Hint: This problem comes under factoring polynomial expression into factors on algebra. The general form of quadratic expression is $a{x^2} + bx + c$. There are methods to find factors of polynomial factors; they are factorisation method, and division root method. Here we use the factorisation method. Here there will be polynomial expression of algebraic identity on comparing the general form of expansion of quadratic expression with their co-efficient and substitute the values in the formula we will get required factors. By using formula and complete step by step explanation we solve this.

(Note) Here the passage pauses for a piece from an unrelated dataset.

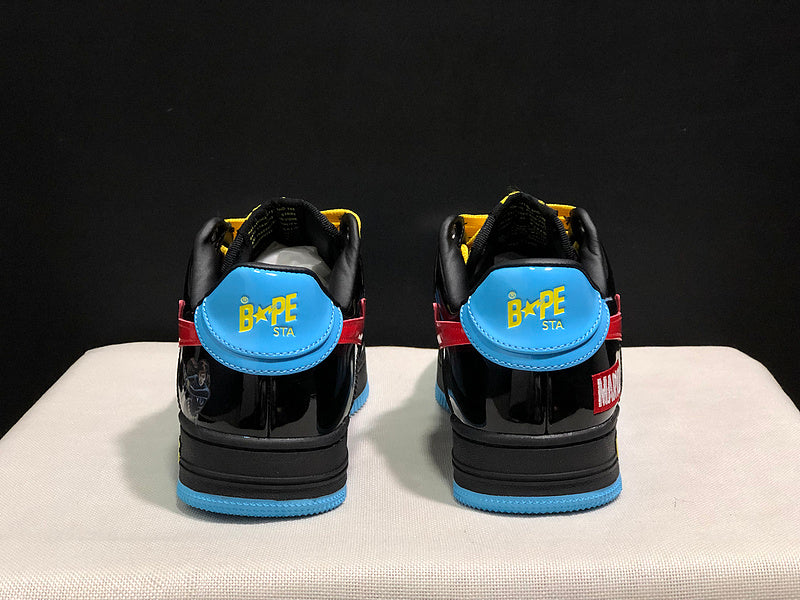BAPE x Marvel STA Low | Black Blue Red | EU 36–45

Formula used: ${(a - b)^2} = {a^2} - 2ab + {b^2}$

Complete step-by-step solution:
Let us consider the quadratic equation $9{x^2} - 42x + 49$
Now on factorising comparing coefficient of ${x^2}$, $x$ and constant term in general form of quadratic equation $a{x^2} + bx + c = 0$ with $9{x^2} - 42x + 49$ , we get
\[a = 9,b = - 42,c = 49\]
Now sum of roots is\[b = - 42\]
The product of roots is $a \times c = 49 \times 9$
The product of root is \[26x + 97 = 15 \times 13\]
Therefore we need to find the factors where the sum of two numbers is $ - 42$ and the product of two numbers is $441$
The numbers are $ - 21, - 21$
The sum of numbers is $ - 21 - 21 = - 42$
The product of numbers is $ - 21 \times - 21 = 441$
Now we need to factorisation we have separate the sum of roots: $9{x^2} - 21x - 21x + 49$
Now take common numbers and variables on the expression: $3x(3x - 7) - 7(3x - 7)$
$ \Rightarrow (3x - 7)(3x - 7)$

Therefore the factors are $(3x - 7)(3x - 7)$

Note: The polynomial factorisation is to express the given polynomial into the factors. Here the quadratic polynomial has to be factored into two factors. Here we solve by factorisation method. We can solve by the division method GCD (Greatest Common Divisor) method and also if the given quadratic polynomial is perfect square we can solve using the square root method. Here we solve by factorisation method because the sum and product of roots are little simple to find the factors.